International Baccalaureate Diploma Programme Core


The curriculum is made up of the DP core and six subject groups.

Made up of the three required components, the DP core aims to broaden students’ educational experience and challenge them to apply their knowledge and skills.

Extended Essay (EE)

This offers students the exciting prospect of investigating a topic of special interest to them. The Extended Essay is an in-depth study of a limited topic chosen from one of your subjects on the IB Diploma programme. Emphasis is placed on the development in skills of organization and expression of coherent and logical ideas. Students will be personally supervised by a dedicated tutor and supported by the librarian. The Extended Essay is externally assessed and points are awarded together with the Theory of Knowledge oral presentation and essay. The experience of writing this essay will benefit students both academically and intellectually.

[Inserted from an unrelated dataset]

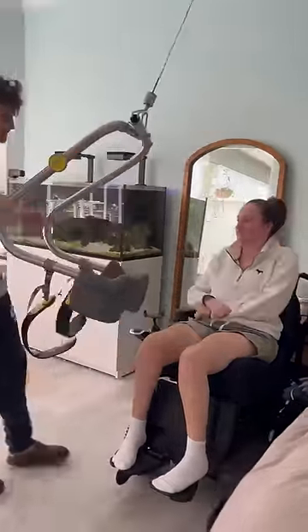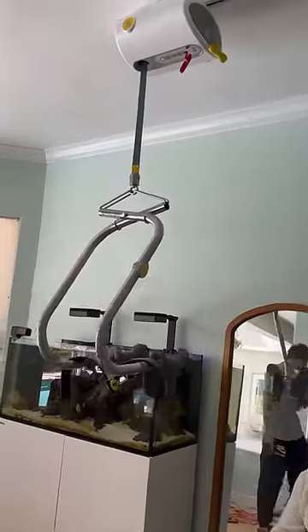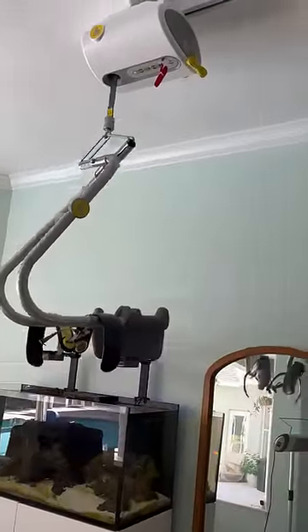Then Jack will pull it towards him, lift it up with the remote, and put it all the way to the end and lift it all the way up so it will recharge for next time. Thanks for watching!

Students will gain confidence in terms of the substantial piece of individual work achieved and become acquainted with the process of research and information processing – all key skills expected at university or in the business world.

Creativity, Activity, Service (CAS)

The Creativity, Activity, Service element encourages students to be involved in creative pursuits, physical activities and community projects at local, national and international levels. Students will work towards gaining the Duke of Edinburgh Award at Bronze, Silver or Gold Level.

The IB curriculum offers a complete educational programme in which the experiential parts of the curriculum are of comparable importance to the traditional academic subjects. CAS has the same status as each of the six academic subjects required for the IB Diploma, the Extended Essay and Theory of Knowledge. The philosophy behind completing CAS is that some essential aspects of education sometimes take place outside the classroom or examination hall and in the ‘real world’ – experiencing first hand ‘life’ lessons.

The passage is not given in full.